■ EXERCISE DETAILS: Starting at the line that holds "ErikaRika online show", reproduce each line exactly up to and including the last line of the records below. Pictures stay out.

■ DATA FOR ANALYSIS:
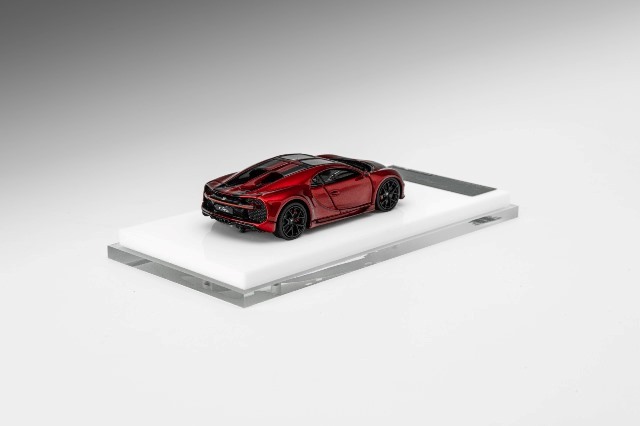 レジン製 1/64 ブガッティ シロン 新品 CRL 1/64 ブガッティ シロン Bugatti Chiron Metallic Red +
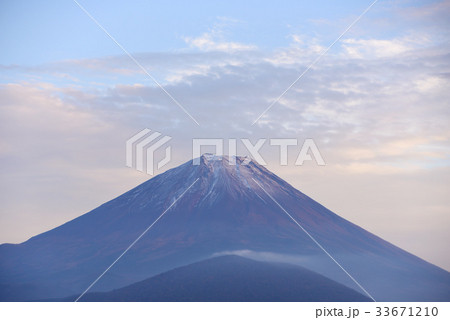 精進湖の富士山 精進湖の富士山 33671210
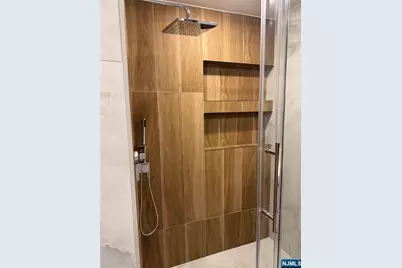 7 Sterling Place 1 #1, Edgewater, NJ 07020 - Photo 24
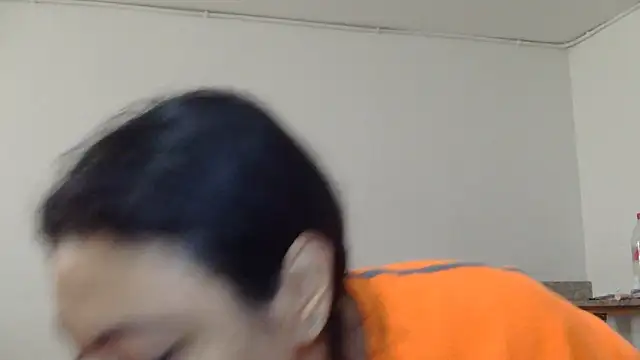 ErikaRika online show from January 16, 2025, 3:13 pm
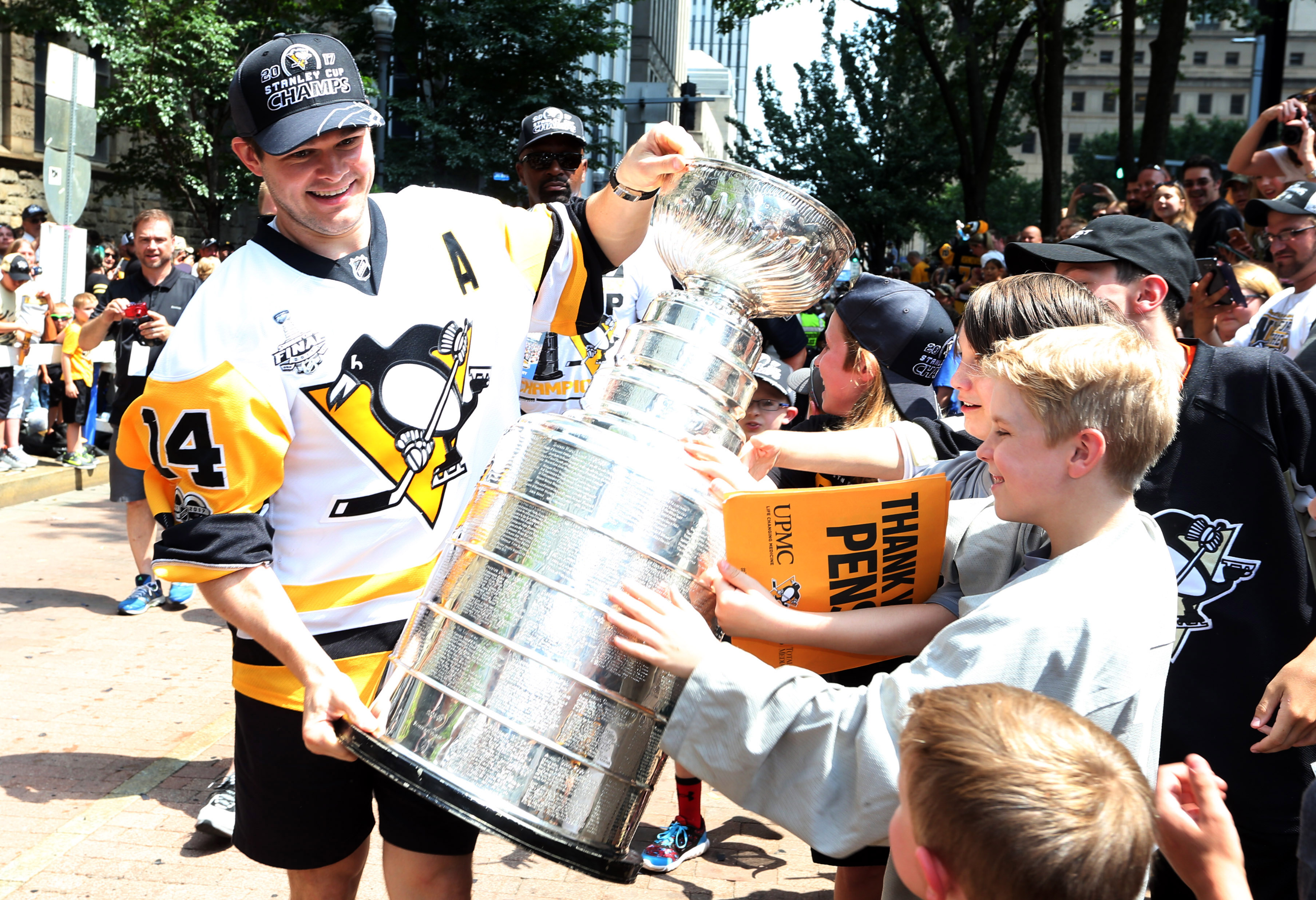 2017-06-14T191719Z_1534968321_NOCID_RTRMADP_3_NHL-PITTSBURGH-PENGUINS-CHAMPIONSHP-PARADE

■ RESPONSE AREA:
 ErikaRika online show from January 16, 2025, 3:13 pm
 2017-06-14T191719Z_1534968321_NOCID_RTRMADP_3_NHL-PITTSBURGH-PENGUINS-CHAMPIONSHP-PARADE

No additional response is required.